In a field study, researchers at the University of Turku, Finland, followed the standard agricultural practices of herbicide application and investigated the impact of glyphosate residues in soil on the endophytic microbial communities of garden strawberry.
Samples collected from strawberry plants that had been growing in the experimental field showed that even though the overall composition of a microbial community and the growth of garden strawberries were unaffected, certain endophytic microbes known for their plant-beneficial functions were relatively less abundant in the strawberry plants that had been exposed to herbicide residues in soil.
“These plant-beneficial microbes are endophytic meaning that they live within leaves and roots of plants. They include bacteria, and fungi, and they form microbial communities within plants. These microbial communities promote nutrition, disease resistance and stress tolerance of their host plants. So, these endophytic microbes are essential partners of plants, as plants depend on them for health and survival,” explains Dr Suni Mathew from the University of Turku Department of Biology.
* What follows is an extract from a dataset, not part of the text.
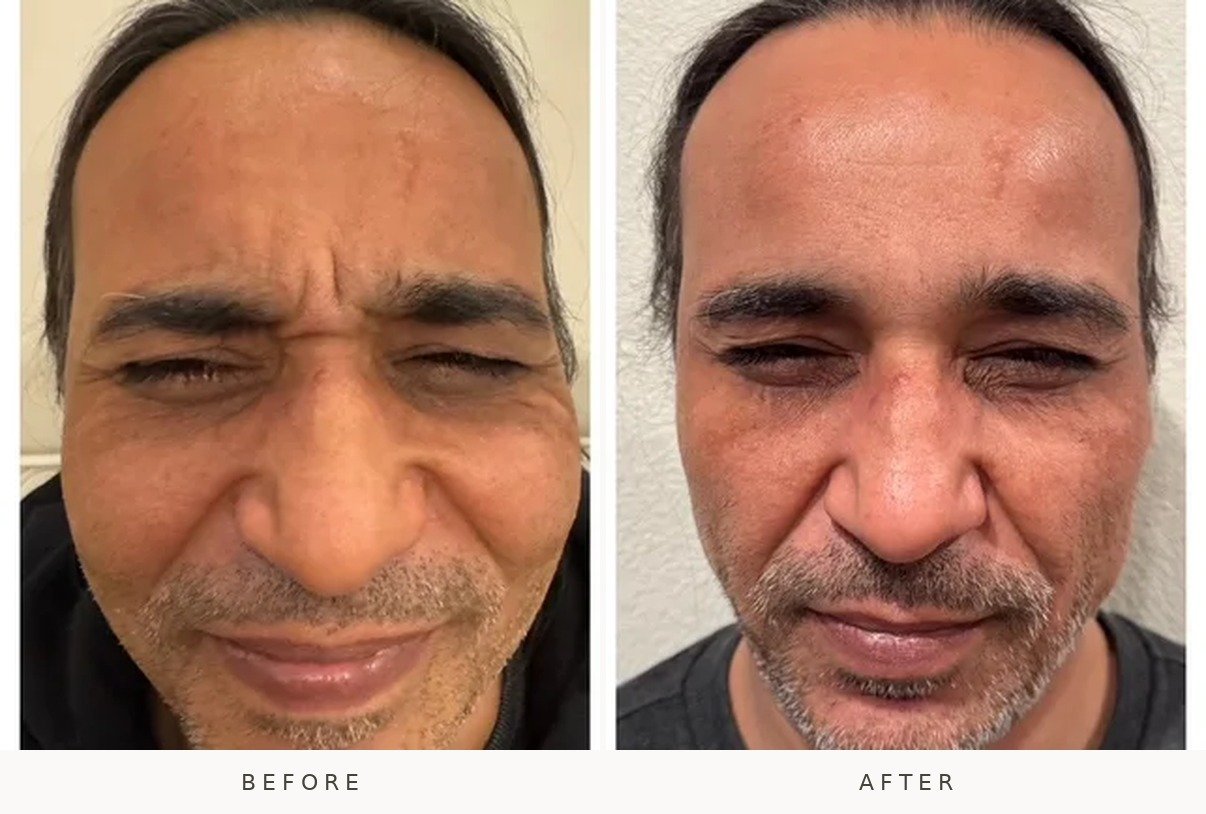 Botox results by Elana Scharff NP at Lé Spa Medical Spa Beaverton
Glyphosate-based herbicides are used to kill weeds in agricultural fields before sowing and are claimed to degrade quickly in the soil, so that agricultural crops planted after the two-week safety period are not exposed to the chemical. However, other studies have shown that this is not the case and low residues of glyphosate are found in the soil even after two weeks.
In this study, the herbicide plots of experimental field were sprayed with the standard dose of glyphosate-based herbicide (glyphosate concentration: 450 g L–1, CAS: 3864-194-0, application rate: 6.4 L ha−1) and control plots with tap water. After spraying, the researchers observed the two-week long safety period before planting the strawberry plantlets.
Researchers are only starting to understand the importance of endophytic microbes to plant health
The effect of glyphosate is based on inhibition of the ‘shikimate pathway’, a metabolic pathway for the synthesis of amino acids that is found in plants but not in animals. However, this pathway is present also in many microbes.
“It is often overlooked that the shikimate pathway is present in microbes as well. We know already that glyphosate-based herbicides and their residues can affect some free-living microbes in soil. Altogether, we are only starting to understand the importance of endophytic microbes to plant health. Thus, it is important to study whether these microbes are affected by glyphosate residues. The next question is whether the glyphosate residues that imposed changes in endophytic microbes are also affecting plant nutrition, health and disease-resistance, among other things,” says Dr Mathew.
The study also utilised a new bioinformatics approach for finding whether the changes in microbial communities are linked to their sensitivity to glyphosate. The results showed that the microbial community in the roots of the plants in the herbicide plots had more potentially glyphosate-resistant bacteria than the roots of the plants in the control plots. This shift in bacterial community favouring potentially glyphosate-resistant bacteria could cause a decline in microbial diversity.
“Our study shows how even very low residues of agrochemicals can affect plant-associated microbes. Changes in the abundance of certain plant-beneficial endophytic microbes and the dominance of potentially glyphosate resistant bacteria can be concerning if they have consequences on plant health in the long run”, emphasises Dr Mathew.
The study was published in the Journal of Applied Microbiology.